Championship leader Sebastian Vettel leads Mark Webber in a Red Bull 1 – 2 in qualifying for the Indian Grand Prix, followed two by two by McLaren’s Lewis Hamilton and Jenson Button and Ferrari’s Fernando Alonso and Felipe Massa with just over 1/2 second separating the top six.
Qualifying 1 saw all the usual suspects from Caterham, Marrusia and HRT exit qualifying at the first hurdle; being joined by Toro Rosso’s Jean-Eric Vergne, the Frenchman failing to make the cut by less than 0.1 seconds, Sauber’s Kamui Kobayashi scraping through to Q2 as a result. Williams Pastor Maldonado finished the segment on top with a time of 1:26.048 while Felipe Massa continued his weekend of spins and Heikki Kovalainen beached his Caterham as the session came to a close.
In Qualifying 2, Vettel finished on top with a time of 1:25.435; just 300ths ahead of McLaren’s Jenson Button while Romain Grosjean fell victim of the last minute reshuffle as Massa and Sergio Perez popped in times good enough to progress into the top 10 shootout. Nico Hulkenberg, Bruno Senna, Michael Schumacher, Daniel Ricciardo, Paul di Resta and Kamui Kobayashi joined Grosjean in sitting out the final Q3 session while Schumacher’s team mate Rosberg progressed to Q3 in sixth!
Qualifying 3 saw Lewis Hamilton going out early in an attempt to get a clean lap but a mistake meant that he set a time ten seconds off Alonso who set the benchmark with a time of 1:25.773, which was nowhere near good enough to be on the front two rows. Vettel took pole with a time of 1:25.283 at the second time to asking after making a mistake on his first flying lap and pitting for fresh rubber. Red Bull team mate Webber claimed second spot 0.044 seconds behind the German with McLaren duo Hamilton and Button a distant third and fourth more than 1/4 second behind.
In fifth and sixth were the Ferrari’s of Alonso and Massa; 1/2 second off the times of the Red Bull’s; the Spaniard must be seeing his title hopes evaporate before his eyes, sitting four places behind main title rival Vettel.
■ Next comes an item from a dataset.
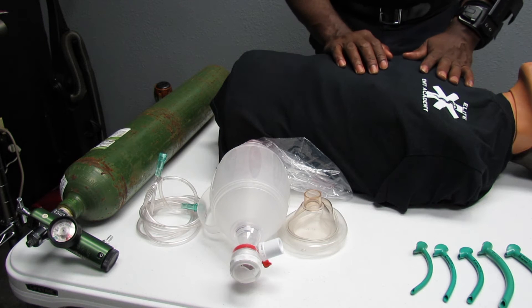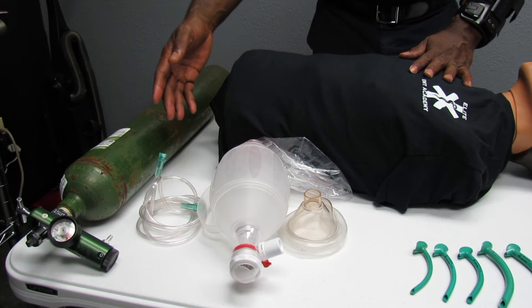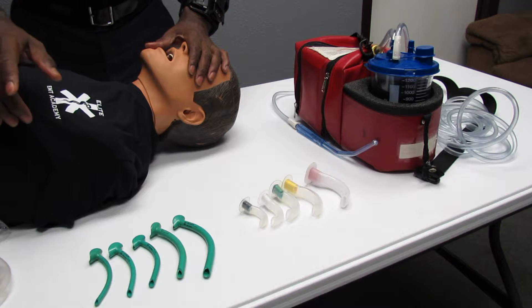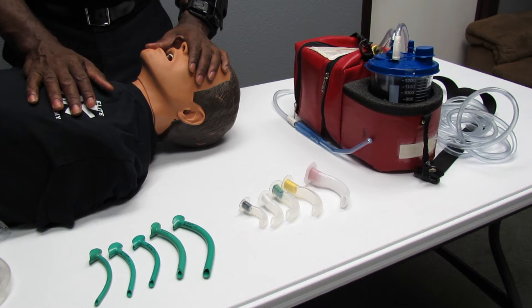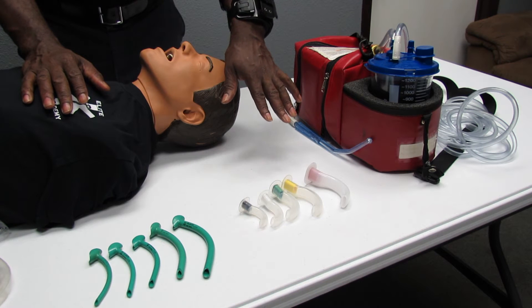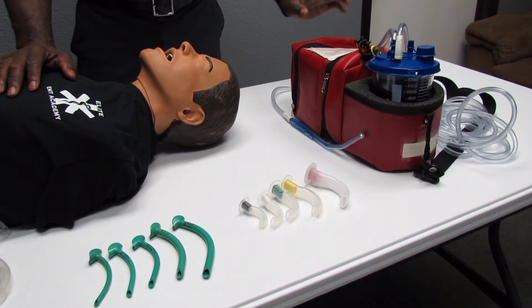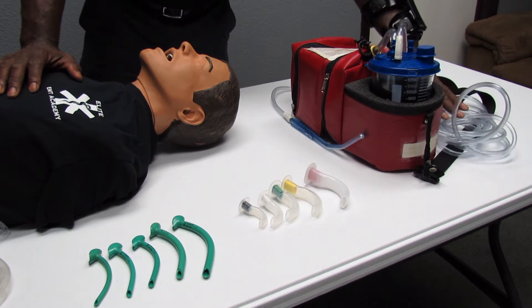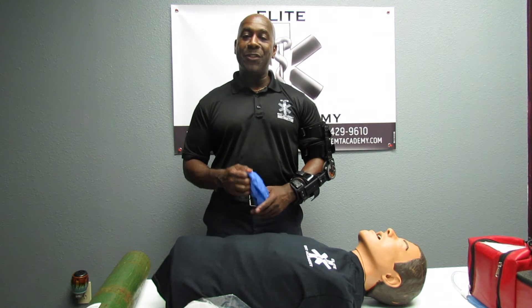For this skill you will need the following equipment: a full oxygen bottle with a regulator attached, oxygen tubing, a BVM with a face piece. Nasopharyngeals of different sizes so you can measure and select the right one. Oropharyngeals of different sizes as well. Properly functioning suction equipment including your canister, suction tubing, and your Yankauer. Take or verbalize the appropriate body substance isolation precautions.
Positions seventh through tenth were taken up by Lotus’ Kimi Raikkonen, Sauber’s Sergio Perez, Williams’ Pastor Maldonado and Mercedes’ Nico Rosberg; the German electing to not run in Q3 to save a set of tyres for the race, which may pay dividends.
The Indian Grand Prix should be interesting if what the McLaren duo claim is true; both Hamilton and Button seem to think that they have as good or better race pace than the Red Bull’s while Alonso is traditionally fast starting and at this point has very little to lose by trying a banzai move into turn one to make up places; hopefully, more controlled than than Kobayashi two weeks ago.